Have you ever had a good project that somehow went utterly wrong? Were  you able to salvage it? Did you turn it into something different? Or did you scrap the whole thing?

What have you leaned from some of your crafting mistakes?


About Paula Hendrickson

I'm a full-time freelance writer with an addiction to yarn, cooking and all kinds of crafty things. I come from a long line of creative and entrepreneurial types on both sides of the family, making creativity almost like competitive pursuit.

Posted on March 15, 2012, in crochet, failures, gauge, mistakes, motifs, Projects, re-do and tagged , , , , , , , . Bookmark the permalink. 8 Comments.

  1. Everything I do on my loom at this time is a learning experience. I mean, come on, who thought scarves would be difficult? Particularly in a nothing-fancy plain weave. Up shed, down shed, up shed, down shed … I bought some beautiful veriegated cotton yarn ($22 per skein X 2 skeins), and used a solid cotton for the warp. When finished, it was like wrapping a rug around your neck (not soft, no drape). It’s too thick and short for a table runner and so about all I can do is fold it up nicely and put it on a shelf in my weaving corner. Since then I’ve made four more, and every one is a learning experience – BUT, I am learning! And enjoying every minute of it!

    • Paula Hendrickson

      Ouch! I’m not familiar with how weaving works, but can it be un-woven? Or does force of the loom lock the fabric up too tightly to pull it apart?

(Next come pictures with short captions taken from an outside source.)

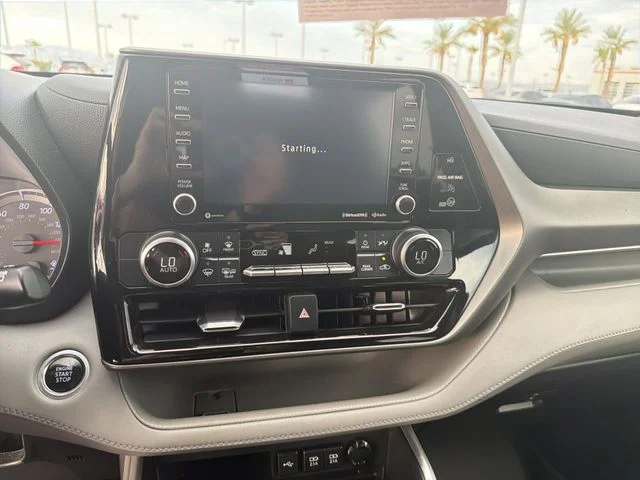 Used 2021 Silver Toyota LE image 19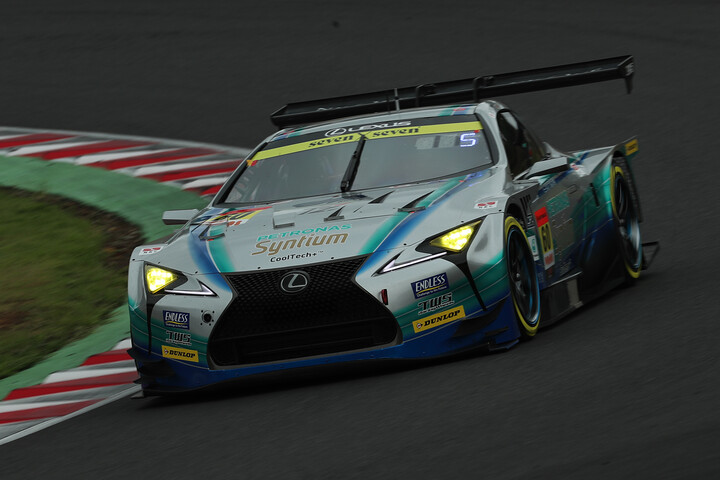 GT300クラス予選2位はSyntium LMcorsa LC500 GT（吉本大樹／河野駿佑）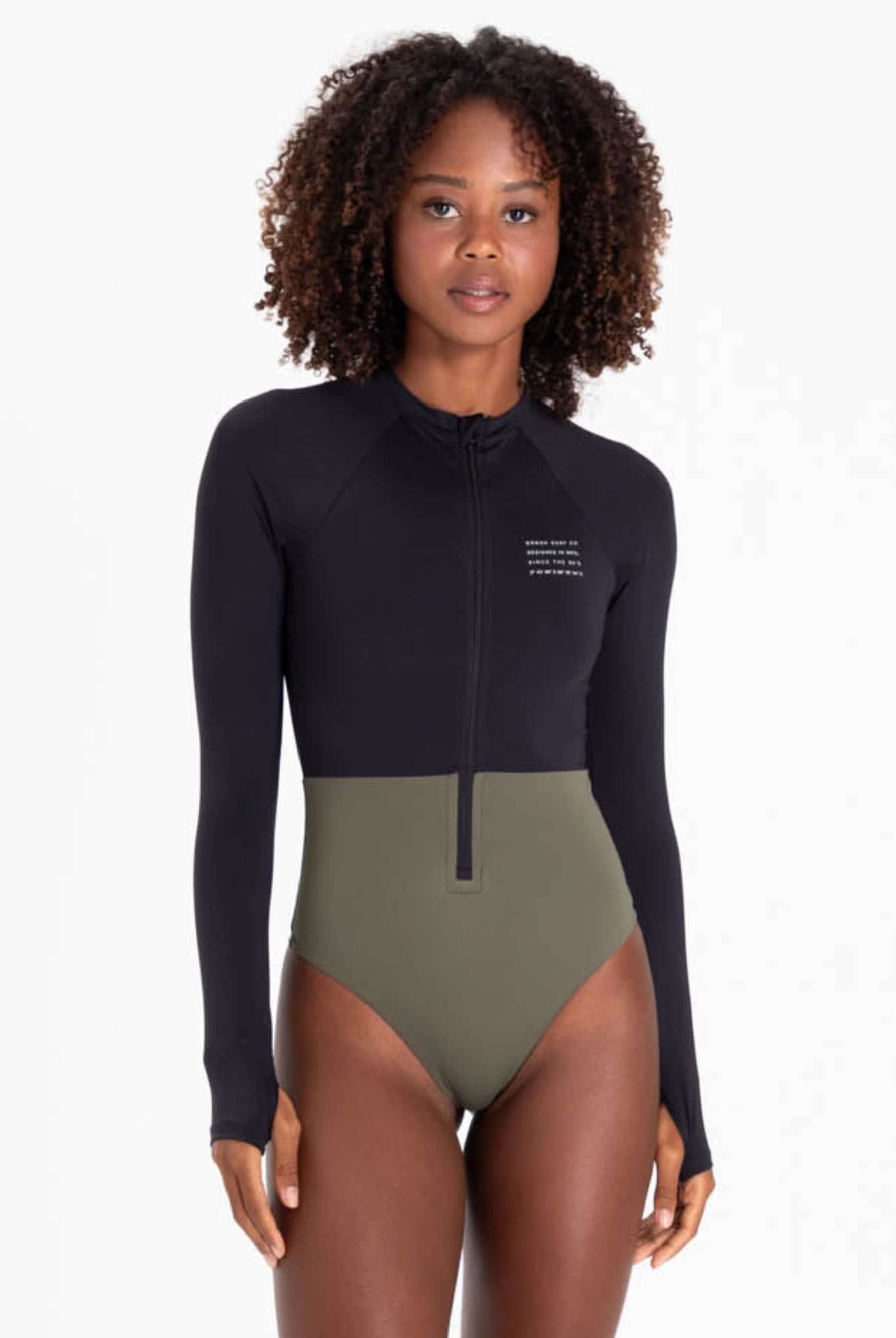 Maiô Manga Longa Joana Duo Color Preto da marca Greenish, ideal para surf e piscina, com proteção UV e zíper frontal.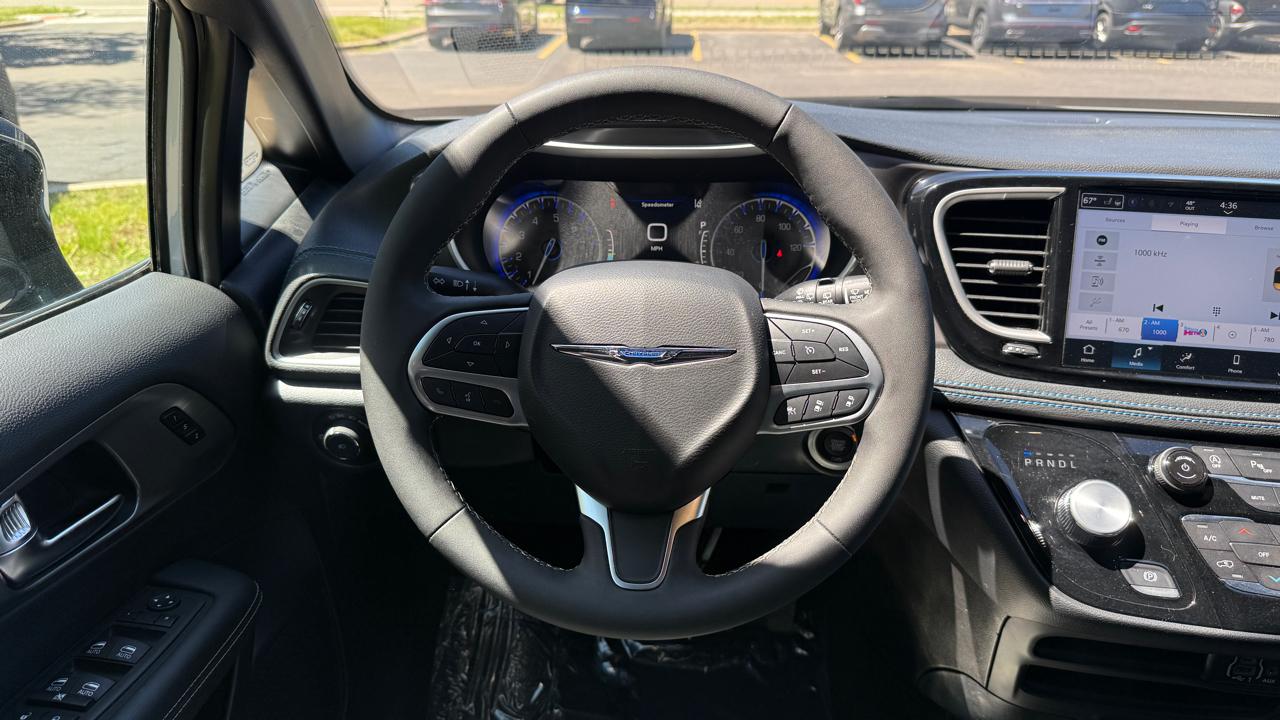 Chrysler Pacifica Select 2025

      Maybe one of these days you’ll figure out a way to use that piece. Decorative wall hanging, perhaps?

      I’m glad you’re having so much fun since you started weaving again, Deborah – joy is the best part of any kind of creative endeavor. Maybe one of these days you can give me a crash course in weaving!

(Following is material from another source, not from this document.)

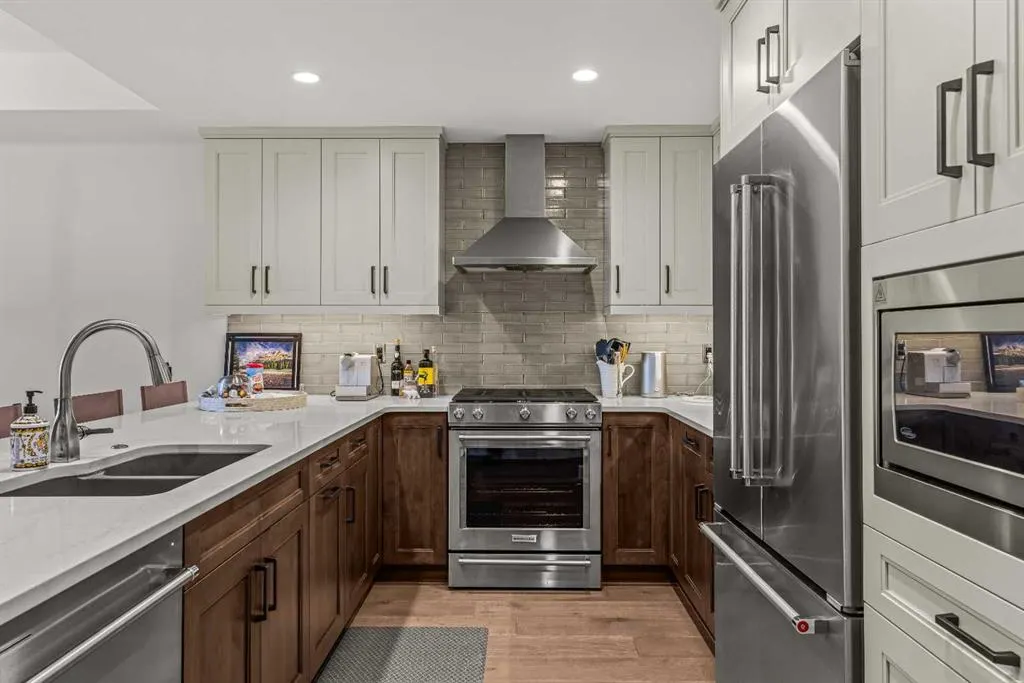 1105 Spring Creek Drive #206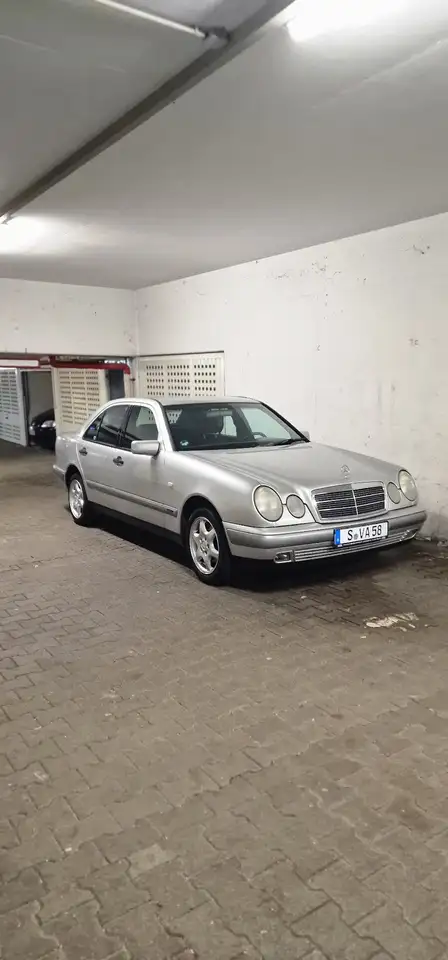 Mercedes-Benz E 240 Classic, foto 2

  2. Another learning experience today. You CANNOT warp a loom with mohair … Started at 10:30. Fought it all the way up to the point where I was about to start weaving. Realized the folly of my ways. Had to cut it all off the loom. Oh well. Next project.

    • Paula Hendrickson

      Neither of us is having much luck with mohair these days!

      I hate it when yarn fights back. It gets all knotted up and thinks it’s won…until we bring out the scissors.

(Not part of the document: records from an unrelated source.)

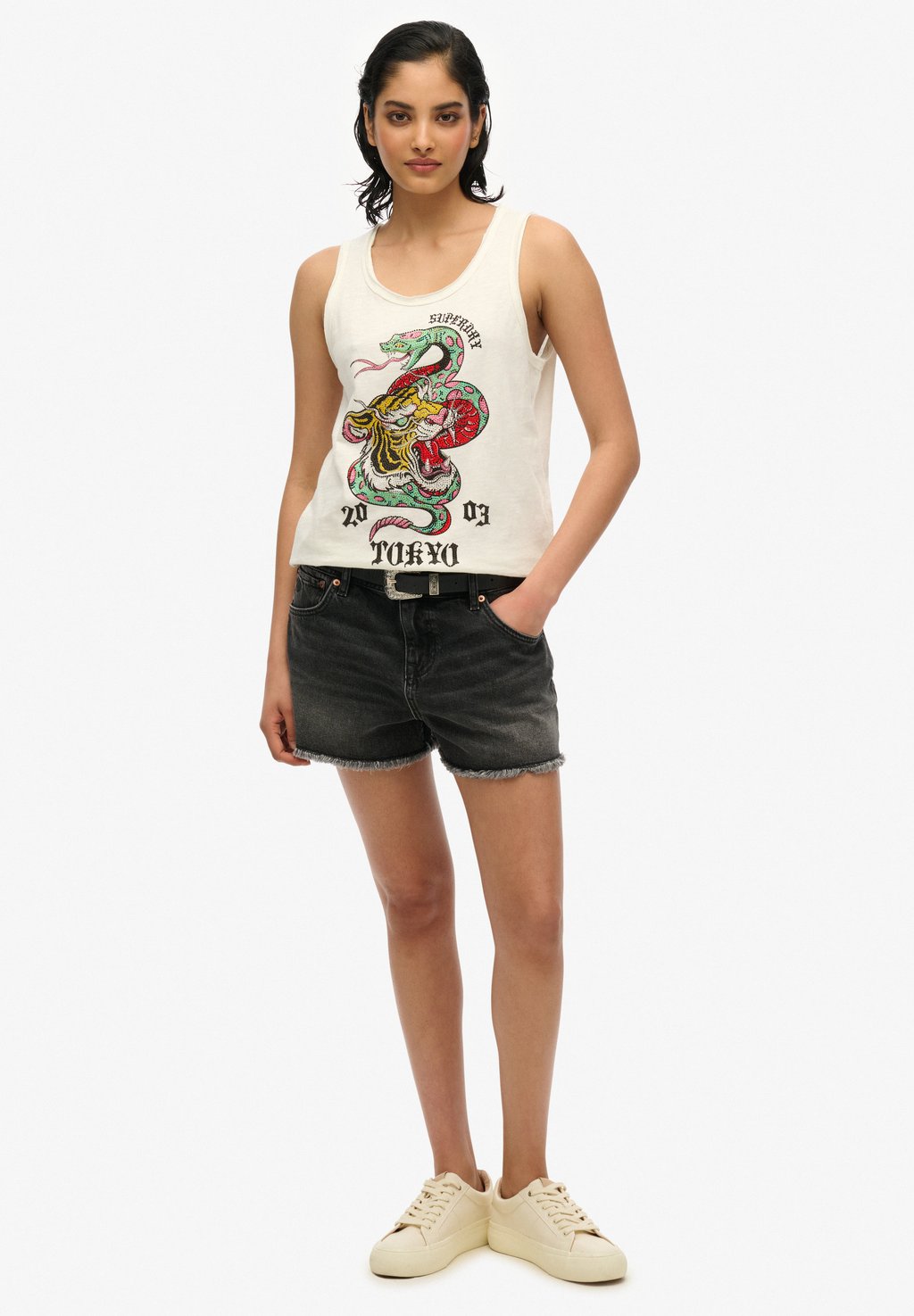 Топ NEO TRAD TATTOO SCOOP NECK TANK Superdry, белый — фото 2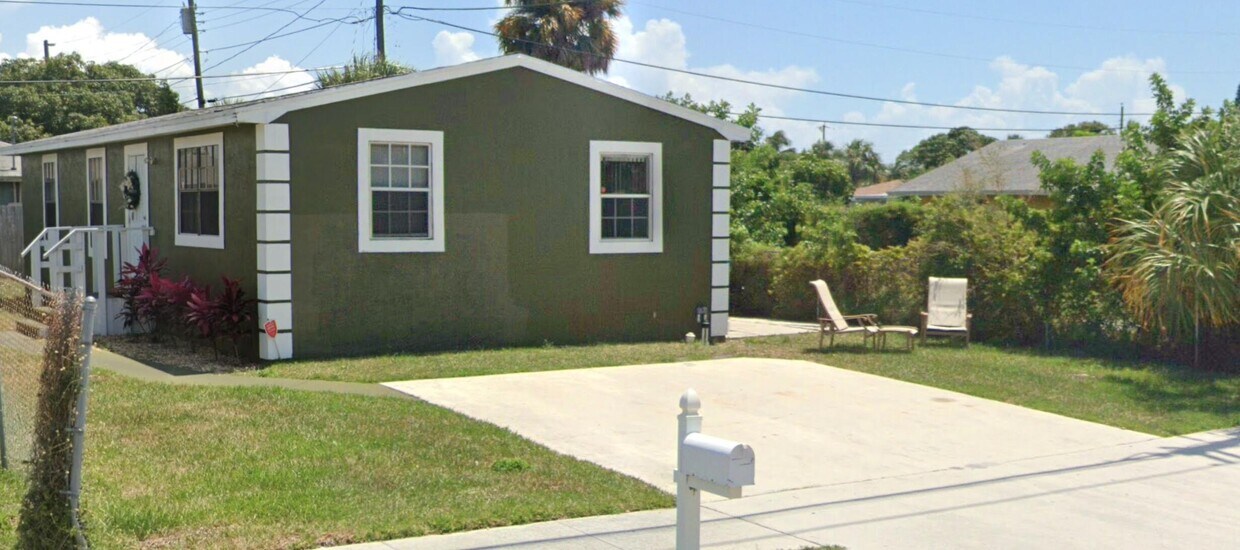 1720 Avenue S, Riviera Beach, FL 33404 House for Rent in Riviera
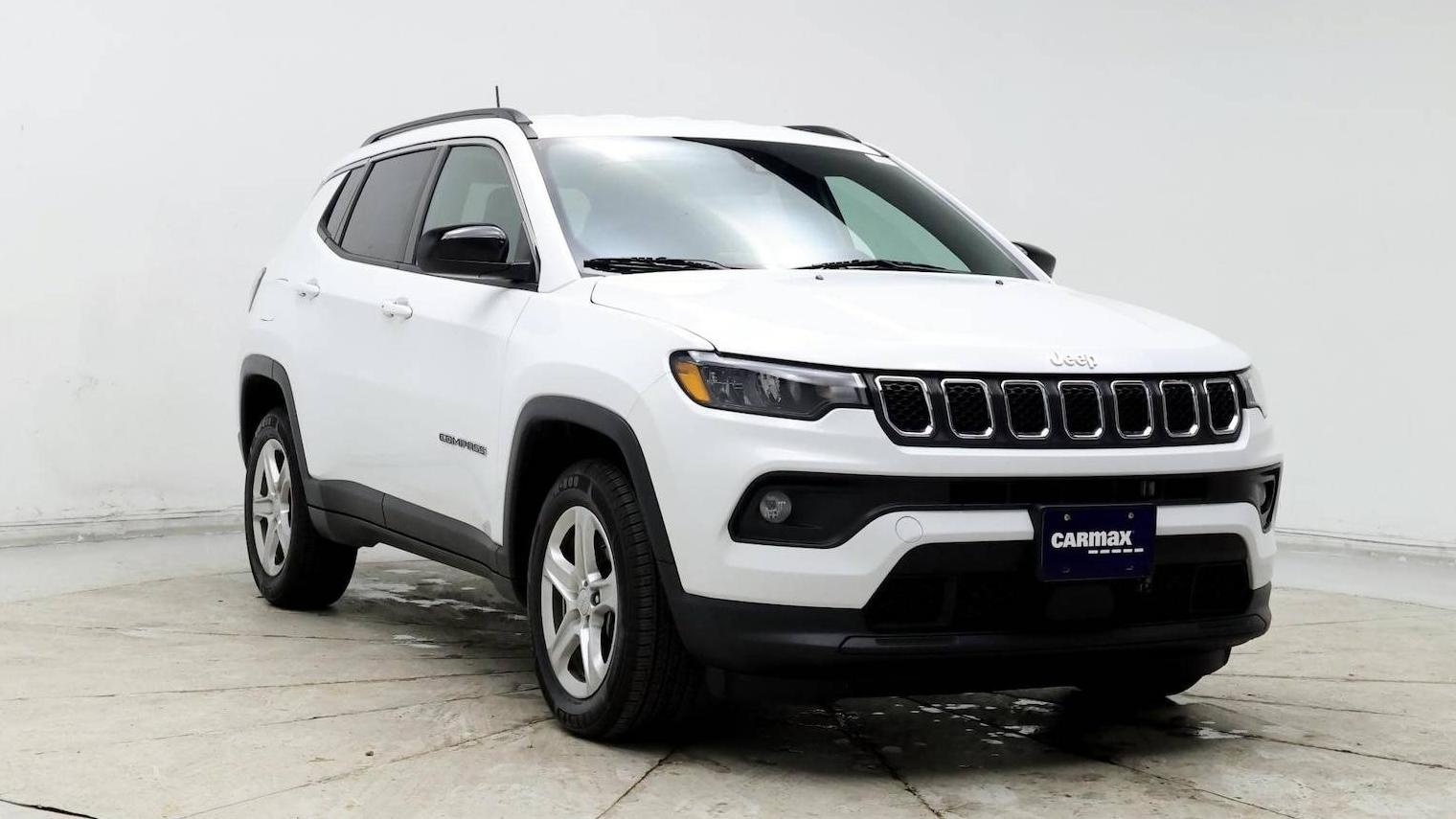 JEEP COMPASS 2023 3C4NJDBN8PT562065 image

  3. I have a story on how a project went terribly wrong. Years ago I started to crochet a lace Christening gown in the hope that some day I will had a little girl to wear it. I probably had 30 to 40 hours in this project as at the time I was still learning to crochet and not that fast. Well my lovely (only sometimes) bulldog Rahja decided she was upset with us and while we were away, she raided my yarn stash. Yarn everywhere in our living room, pieces torn, balls of yarn unraveled. What a mess!!! Then I find it, the crochet christening gown I haven’t touched in years, partially chewed up and torn. I couldn’t help it, I was so made at her for making a mess and destroying some of my yarn, then to find this piece damaged, I started to sob….loudly!!! Oh and to put icing on the cake, she chewed up the pattern book to!!! There was no salvaging this piece, trust me I tried. Fast forward to a few weeks later, I found a copy of the pattern book and bought some more yarn (well actually its more like thread, its #10 cotton) Someday I will start it over again because its a beautiful piece but I am careful about putting my stash away and when we are not home, both dogs stay in their crate!!! Lesson learned people!!!

    • Paula Hendrickson

      No! How horrible. I hope your dog didn’t suffer any ill effects from eating too much yarn! I suppose the upside is that you’re a more experienced crocheter now, so the second attempt will go faster.

      I’ve noticed my dog and my frequent guest dogs are especially drawn to wool and alpaca fibers, but they usually just sniff.

      • Happy to say she did not suffer any ill effects and by the looks of the extend of the “debris field” she had a blast with my yarn!!! I was to upset to take a picture, I wish I had. Now I can almost laugh about it, almost. You are right, I have more experience and will be able to make that project faster and I know how to count my stitches and rows with ease to. Just need to finish a few projects before I start that one over…

      • Paula Hendrickson

        I’m glad she’s okay – and hope she learned a lesson (other than “Yarn’s fun to play with!”).